Why realistic? Because very few companies actually become public. In fact, there is a decades-long trend towards fewer IPOs, with M&A being by far the primary (~90%) form of exit for VC-backed startups [1]. To learn more, we encourage readers to take a look at Michael Mauboussin’s excellent report from mid-2020: Public to Private Equity in the United States: A Long-Term Look. On this specific topic, the key exhibit is on page 45:

Given this data, it would be foolhardy for founders to believe they are 100% destined for public greatness. We encourage and try to help founders to get to a blockbuster IPO, but we also want them to be ready for possible non-public scenarios.

Why opportunistic? We encourage our founders to prepare and be ready for all eventualities. As we’ll see below, an acquisition does not mean you have failed - in fact, it can be the exact opposite. Having the right mindset and preparation can mean the difference between optimizing a process if/when it presents itself and rushing into a half-baked situation.

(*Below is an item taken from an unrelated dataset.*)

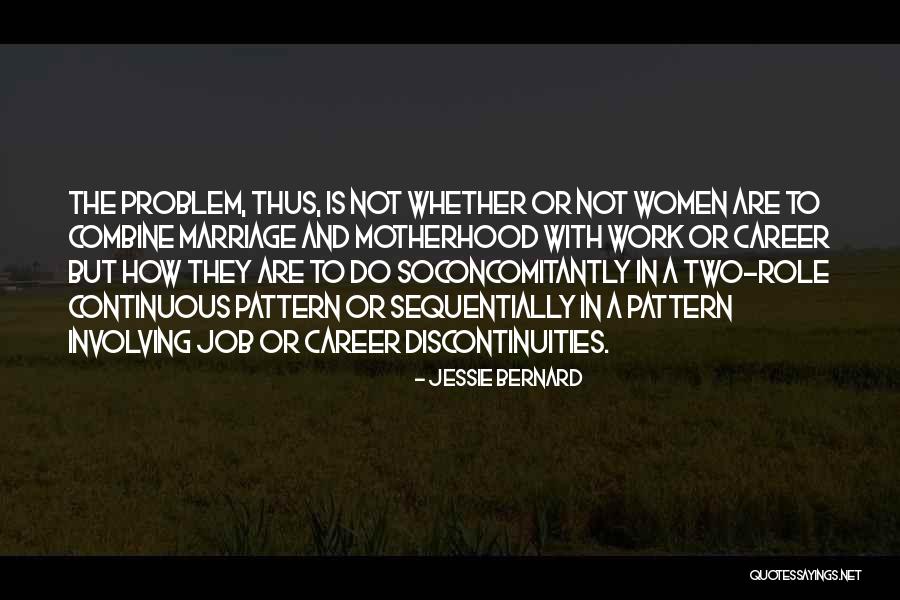 Jessie Quotes By Jessie Bernard Jessie Quotes By Jessie Bernard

How may M&A opportunities present themselves? As you can imagine, M&A situations can run the gamut from trying to engineer an “acquihire” all the way to fending off Big Tech giants hell-bent on throwing money at you. The spectrum can be boiled down to three broad scenarios:

  1. It’s your only option - this is the situation that you will hopefully not find yourself in. In this situation, you’ve reached an impasse in your journey and have to fabricate interest in your company or assets. Hopefully you will have something valuable that will interest a buyer, but it could be as dire as just trying to save them the time it would take to hire a similar team.

  2. It’s your best strategic option - you may be doing well, but you see a limit to how far you may be able to go it alone. Or you see the potential in combining with a larger entity and taking advantage of their strengths (e.g., technology, distribution, capital) in order to maximize your impact.

  3. You just can’t say no - you are likely doing great, you are worth a lot of money to an acquirer and they will try to make it worth your while to combine forces. They may even make it so that you, or your Board, find it impossible to walk away.

In all three situations, as different as they are, knowing the key dynamics of M&A and being prepared are extremely important to maximizing your opportunities.

So what should you do? We’ll get into this in the next few posts. But one important place to start is to identify your universe of possible acquirers - you should be aware of who they are. Usually, your potential acquirers will be (in rough order of likelihood):

  • Direct competitors

  • Adjacent or complementary products

  • Channel or supply chain partners

  • Customers

  • Private equity / buyout firms

Once you know who is in your acquirer universe, you can start to get into their heads - both understanding them better and making them aware of you. That’s what the next section in this Deep Dive will cover.


[1] While we are currently (early 2021) in the middle of a SPAC boom of sorts, it’s not clear how long this will continue. And it’s not at all likely that this will reverse the long-term trend towards fewer public companies and IPOs as VC exits.